We know from first-hand experience that Elon Musk lied about permitting banned individuals to return to Twitter. So it wouldn’t be too terribly surprising if CDAN is correct and he is also failing to tell the truth about eradicating child porn from the platform.
Shortly after the celebrity CEO took over the bird site, the CEO enlisted many online influencers to boost lies about purported success at removing child porn from the site, most notably top hashtags used to advertise the stuff. I told you the celebrity CEO was lying, and that a major news organization was conducting a significant investigation exposing all of this. It was just recently published, and you should go and read it. Child porn has gotten worse on the bird site, not better, since the celebrity CEO took over.
The story is at NBC News. And while it’s worth noting that NBC doesn’t appear to have had any problem with the market in what it calls “child sexual abuse material” on Twitter until Musk bought it, that doesn’t change the fact that what he says is no longer on the platform is still on the platform.
Twitter accounts that offer to trade or sell child sexual abuse material under thinly veiled terms and hashtags have remained online for months, even after CEO Elon Musk said he would combat child exploitation on the platform.
“Priority #1,” Musk called it in a Nov. 20 tweet. He’s also criticized Twitter’s former leadership, claiming that they did little to address child sexual exploitation, and that he intended to change things.
But since that declaration, at least dozens of accounts have continued to post hundreds of tweets in aggregate using terms, abbreviations and hashtags indicating the sale of what Twitter calls child sexual exploitation material, according to a count of just a single day’s tweets. The signs and signals are well known among experts and law enforcement agencies that work to stop the spread of such material.
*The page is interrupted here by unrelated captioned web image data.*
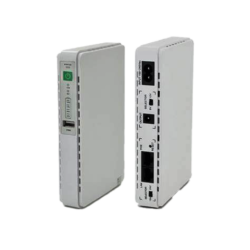 8800mAh Mini DC UPS & Powerbank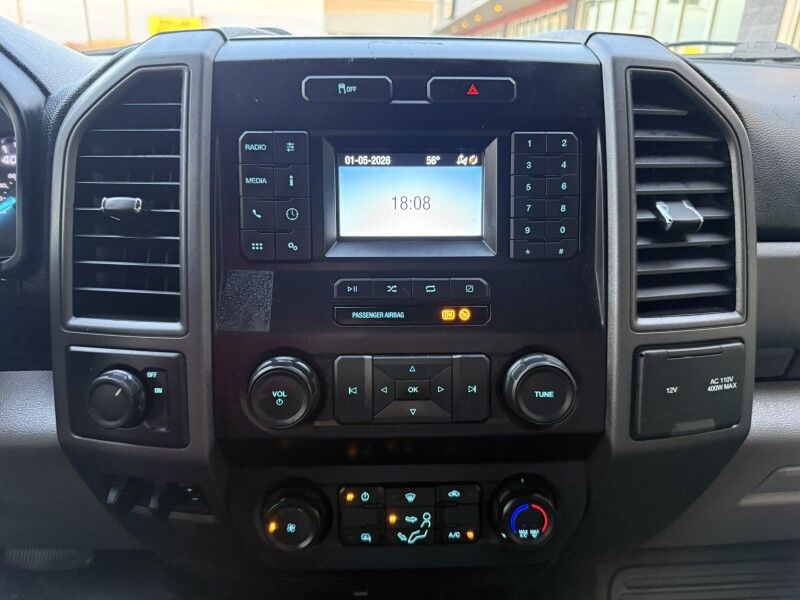 2020 Ford Super Duty F-250 Utility XL Collinsville OK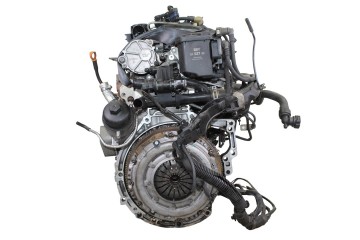 9HX MOTOR COMPLETO CITROEN XSARA PICASSO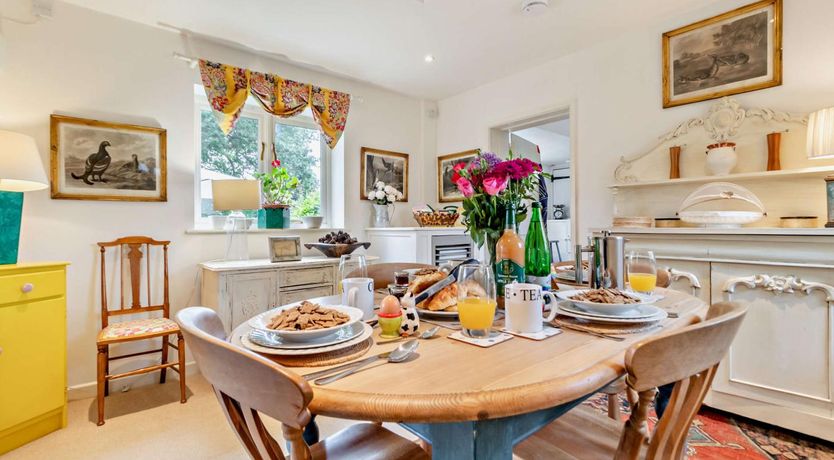 Photo of 2 Bed in Campsea Ashe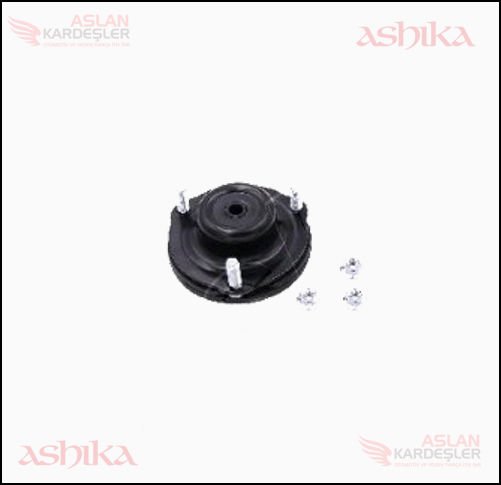 AMORTISOR KULE TAKOZU ON- HILUX VIGO 4WD 04-14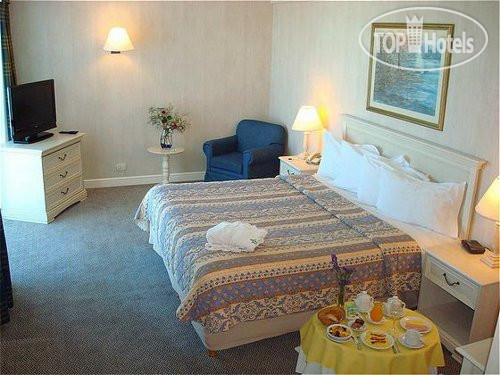New photos from tourists Holiday Inn Rosario 4*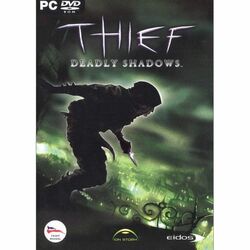 Thief: Deadly Shadows na pgs.sk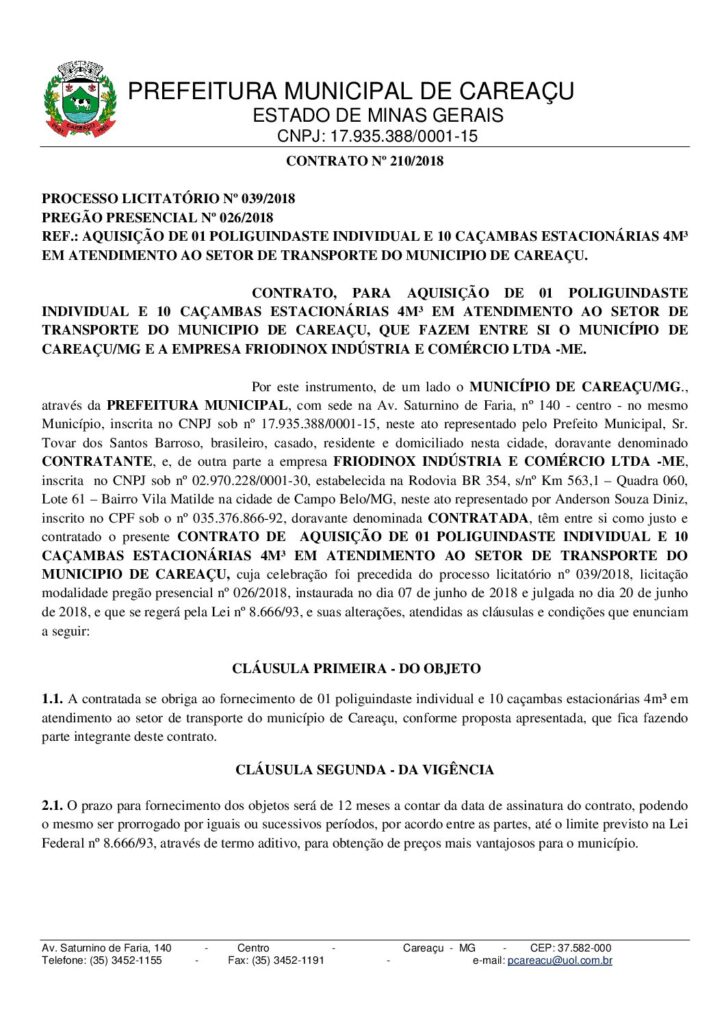 thumbnail of Contrato 2102018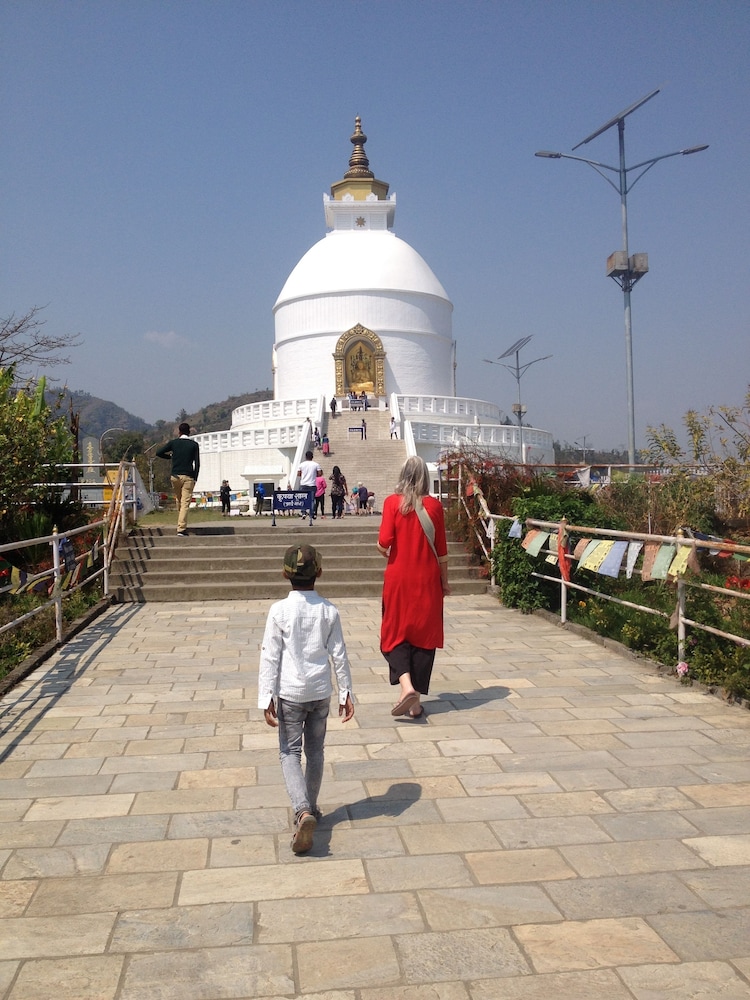 Bishnu Homestay 31/50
The tweets reviewed by NBC News offer to sell or trade content that is commonly known as child pornography or child sexual abuse material (CSAM). The tweets do not show CSAM, and NBC News did not view any CSAM in the course of reporting this article.
Some tweets and accounts have been up for months and predate Musk’s takeover. They remained live on the platform as of Friday morning.
Then again, it’s possible that this is just a whack-a-mole problem that is in the process of being resolved. The question is whether Musk has actually given meaningful orders to his employees to get the job done and they’re dragging their feet or if he’s merely acting as his own PR and marketing departments. But given our success in establishing and implementing SG’s Clean Speech policy, and the ease with which spam bots can be detected and eradicated, there really isn’t any excuse for not eliminating the garbage from the platform.